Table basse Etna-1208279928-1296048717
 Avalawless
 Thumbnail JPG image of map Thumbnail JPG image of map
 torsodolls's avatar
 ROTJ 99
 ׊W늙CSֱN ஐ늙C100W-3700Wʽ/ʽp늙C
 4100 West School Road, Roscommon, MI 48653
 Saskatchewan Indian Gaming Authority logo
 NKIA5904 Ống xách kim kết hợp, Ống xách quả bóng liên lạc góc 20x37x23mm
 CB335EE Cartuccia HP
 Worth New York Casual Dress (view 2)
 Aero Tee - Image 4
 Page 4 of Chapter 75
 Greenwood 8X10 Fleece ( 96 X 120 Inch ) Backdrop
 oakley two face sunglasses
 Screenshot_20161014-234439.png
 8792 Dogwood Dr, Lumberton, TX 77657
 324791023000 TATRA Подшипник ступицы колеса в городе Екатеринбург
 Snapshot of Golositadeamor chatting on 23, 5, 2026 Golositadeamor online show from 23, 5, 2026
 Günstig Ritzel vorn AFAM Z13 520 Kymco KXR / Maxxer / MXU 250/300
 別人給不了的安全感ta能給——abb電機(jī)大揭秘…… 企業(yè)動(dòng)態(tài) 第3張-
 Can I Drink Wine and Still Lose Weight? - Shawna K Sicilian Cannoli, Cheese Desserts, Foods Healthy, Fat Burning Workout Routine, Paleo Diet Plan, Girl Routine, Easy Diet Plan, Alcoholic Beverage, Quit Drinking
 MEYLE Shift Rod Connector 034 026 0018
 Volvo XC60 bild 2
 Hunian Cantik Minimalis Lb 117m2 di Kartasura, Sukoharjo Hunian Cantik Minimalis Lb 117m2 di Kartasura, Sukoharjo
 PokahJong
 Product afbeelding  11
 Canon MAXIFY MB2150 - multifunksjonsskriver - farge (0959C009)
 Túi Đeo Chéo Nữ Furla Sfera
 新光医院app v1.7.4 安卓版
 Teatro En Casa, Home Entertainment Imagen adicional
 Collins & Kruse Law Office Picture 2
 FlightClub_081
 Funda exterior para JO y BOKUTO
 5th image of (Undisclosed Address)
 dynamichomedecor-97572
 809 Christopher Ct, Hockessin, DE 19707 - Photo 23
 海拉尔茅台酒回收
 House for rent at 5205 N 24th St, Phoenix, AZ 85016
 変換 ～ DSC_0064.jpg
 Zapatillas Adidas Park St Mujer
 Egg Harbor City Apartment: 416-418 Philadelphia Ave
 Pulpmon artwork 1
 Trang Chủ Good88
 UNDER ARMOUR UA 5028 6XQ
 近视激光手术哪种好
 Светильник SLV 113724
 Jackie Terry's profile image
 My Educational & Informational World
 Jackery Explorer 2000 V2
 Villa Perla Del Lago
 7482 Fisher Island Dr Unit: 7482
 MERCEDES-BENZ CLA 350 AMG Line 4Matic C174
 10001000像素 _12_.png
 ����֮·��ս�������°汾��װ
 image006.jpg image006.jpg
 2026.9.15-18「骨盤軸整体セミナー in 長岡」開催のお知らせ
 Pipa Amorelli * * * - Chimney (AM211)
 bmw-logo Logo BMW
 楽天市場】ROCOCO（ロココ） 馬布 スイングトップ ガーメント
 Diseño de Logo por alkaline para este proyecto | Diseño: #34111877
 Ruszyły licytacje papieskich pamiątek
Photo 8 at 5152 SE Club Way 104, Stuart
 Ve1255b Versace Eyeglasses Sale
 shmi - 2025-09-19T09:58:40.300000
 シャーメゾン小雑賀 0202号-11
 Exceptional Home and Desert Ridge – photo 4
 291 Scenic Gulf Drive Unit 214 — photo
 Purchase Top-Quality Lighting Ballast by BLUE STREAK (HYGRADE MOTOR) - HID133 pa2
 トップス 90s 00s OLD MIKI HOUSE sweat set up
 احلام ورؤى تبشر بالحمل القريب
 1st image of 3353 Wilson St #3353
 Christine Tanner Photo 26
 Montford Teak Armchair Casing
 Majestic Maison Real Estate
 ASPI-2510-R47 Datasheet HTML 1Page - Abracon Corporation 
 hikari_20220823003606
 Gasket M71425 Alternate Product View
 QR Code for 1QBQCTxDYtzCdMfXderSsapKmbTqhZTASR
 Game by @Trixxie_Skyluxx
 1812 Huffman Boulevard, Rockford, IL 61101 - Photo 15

**ACTIVITY**:
Reproduce exactly the lines above from the line with "My Educational & Informational World" to the line with "bmw-logo Logo BMW", including both, and add nothing.

**ANSWER TO THIS PROBLEM**:
 My Educational & Informational World
 Jackery Explorer 2000 V2
 Villa Perla Del Lago
 7482 Fisher Island Dr Unit: 7482
 MERCEDES-BENZ CLA 350 AMG Line 4Matic C174
 10001000像素 _12_.png
 ����֮·��ս�������°汾��װ
 image006.jpg image006.jpg
 2026.9.15-18「骨盤軸整体セミナー in 長岡」開催のお知らせ
 Pipa Amorelli * * * - Chimney (AM211)
 bmw-logo Logo BMW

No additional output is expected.